O filósofo Platão tentou explicar por meio da Teoria das Ideias essa dualidade entre a imagem projetada e a real. Para ele, todas as formas existentes no mundo físico são reflexos das formas ideais, presentes somente no "mundo das ideias". Estas são perfeitas e as que temos alcance são apenas reflexos, por isso, passíveis de imperfeição. Passando da filosofia para o cotidiano, a formação de um estado totalitário tenta mesclar símbolos (imagens) com o concreto. Hitler prometia um Estado forte embasado em arianos nacionalistas e amantes da pátria. Essa seria a imagem ideal, na qual muitos alemães acreditavam, porém, de fato, o que se teve foi um Estado xenófobo, racista, autoritário e violento, isto é, real, e como disse Platão, passível de (muitos) erros.
Assim como o símbolo para Gilbert Durant culminava em soluções apaziguadoras aos problemas, para Platão a ideia é a própria solução, é perfeição. Inegável que as instituições sejam perfeitas em nosso imaginário, além disso, é assim que muitos preferem as ver: a Igreja Católica sem máculas, o Nazismo sem violência. No entanto, essa é uma perspectiva utópica. De fato, a imagem não é o objeto real, é o seu reflexo o qual podemos moldar de acordo com nosso ponto de vista. Assim sugeriu Escher com seu quadro multifacetado.
Fuvest 2010. Algumas das melhores redações.

BOM REPERTÓRIO: o candidato escolheu dois exemplos bem-sucedidos de instituições (recorte escolhido do tema) para ilustrara contraposição realidade da instituição X imagem criada: Igreja Católica (dogma Deus amoroso X Inquisição) e Partido Nazista alemão (amor à pátria X violência e xenofobia). A escolha de situações históricas reconhecidas no meio acadêmico reflete aproveitamento dos estudos do Ensino Médio. Mas, atenção - demonstrar conhecer fatos e personagens históricos não é garantia de que a redação será bem avaliada: as referências devem ser coerentes com o tema abordado e usadas para reforçar o ponto de vista.

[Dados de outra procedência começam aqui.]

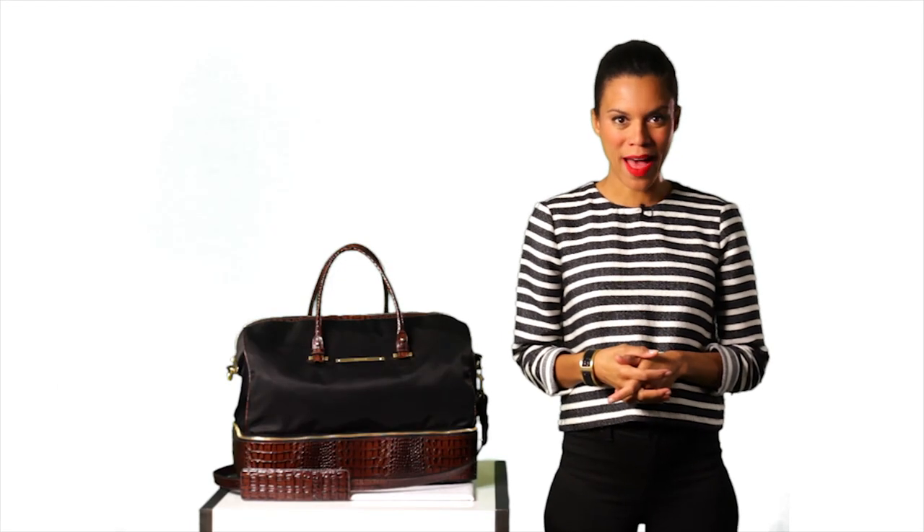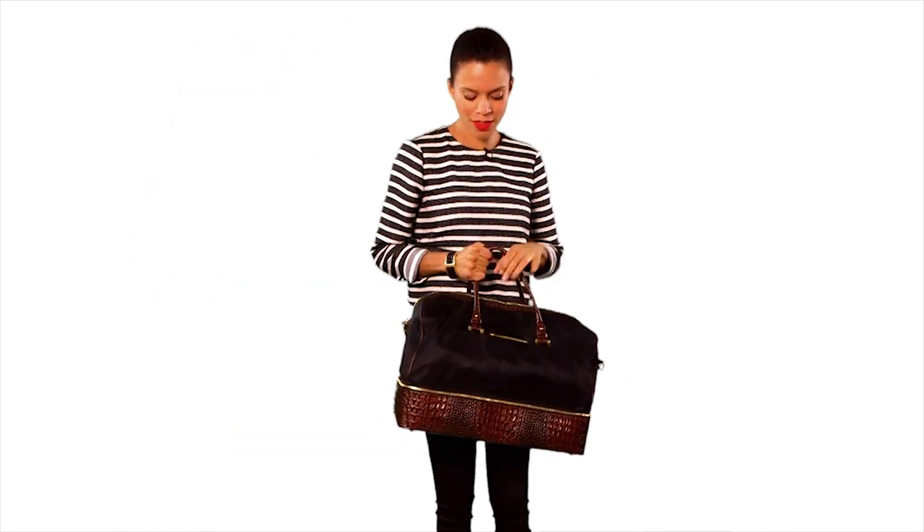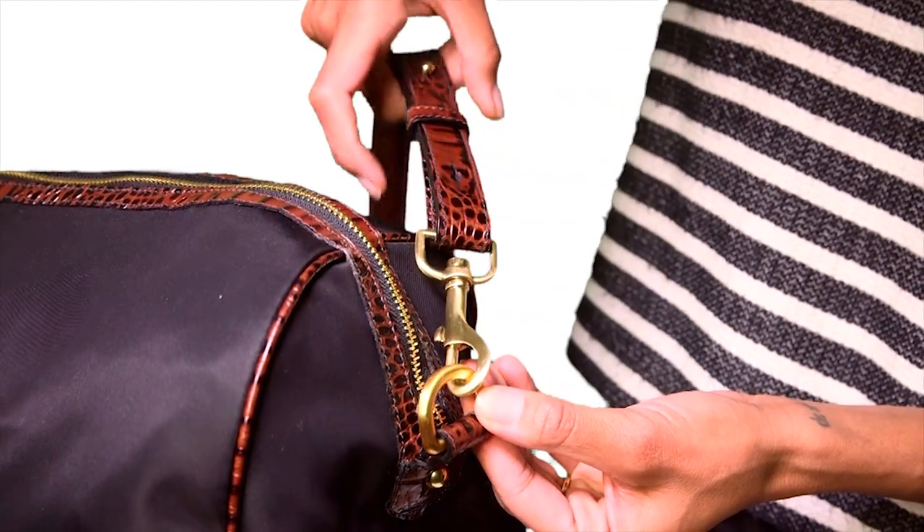This is the Brahmin Sylvie Travel Bag. A great piece to carry on an airplane or pack for a weekend getaway. Carry by hand with double rolled handles or attach the adjustable strap to wear over your shoulder.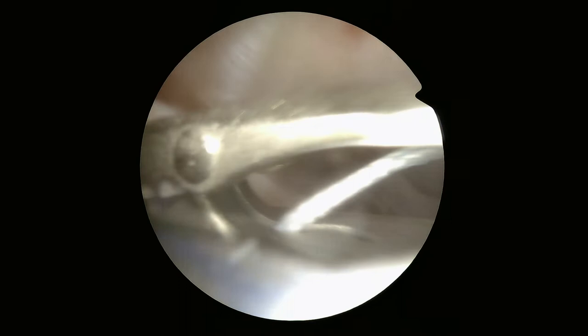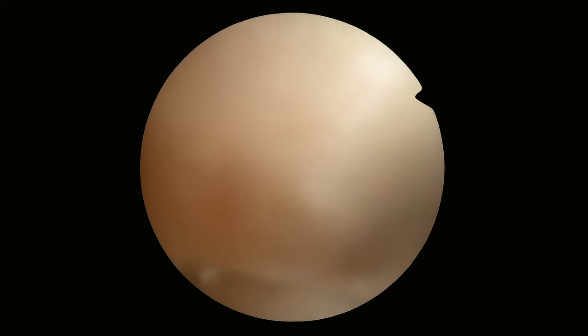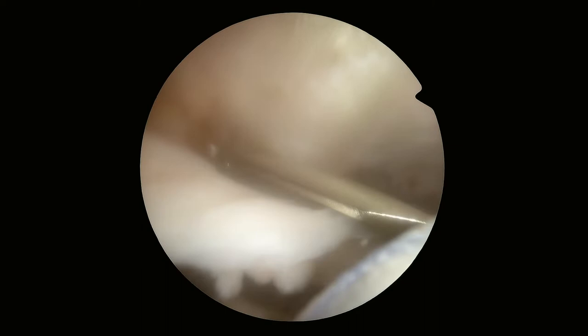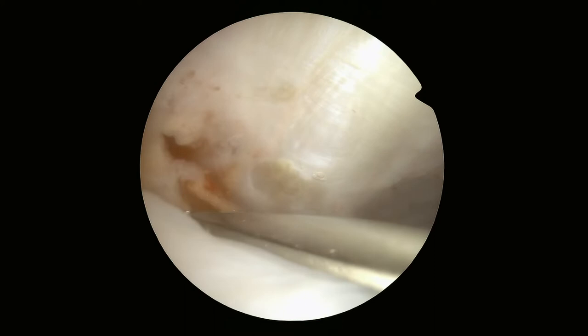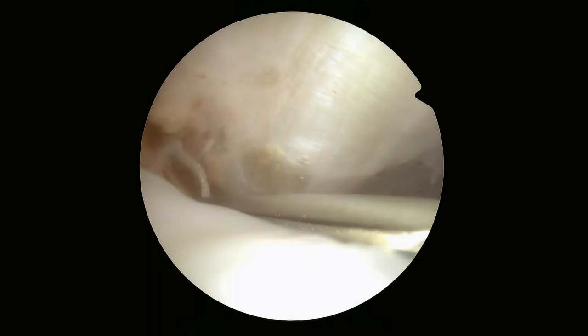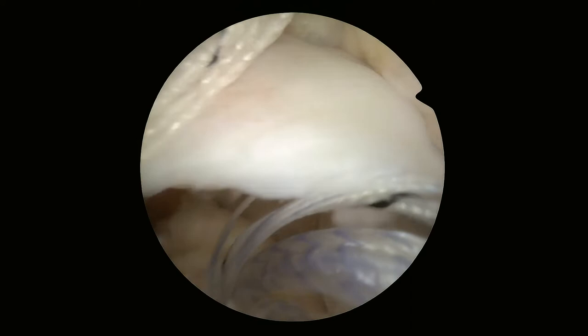We're going to pass those sutures through the rotator cuff. This is a little passing device that basically shuttles a stitch through the rotator cuff. We're finding the correct spot, pull the trigger, and that delivers a passing stitch through the rotator cuff. The first one misfired, but the second time I passed it and pulled it back out. Now that first stitch we use as a shuttling stitch to pull all of the sutures from that anchor through the rotator cuff, only having to pass a needle one time through the cuff.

ENCADEAMENTO: o candidato encadeou ideias com habilidade, relacionando grandes nomes pertencentes a diferentes áreas de conhecimento (e de épocas distintas) e fatos históricos. No último parágrafo, o autor retoma o quadro de Escher, citado no primeiro parágrafo: retomar ideias ou uma imagem usada no início do texto pode ser uma boa estratégia para "amarrar" a redação.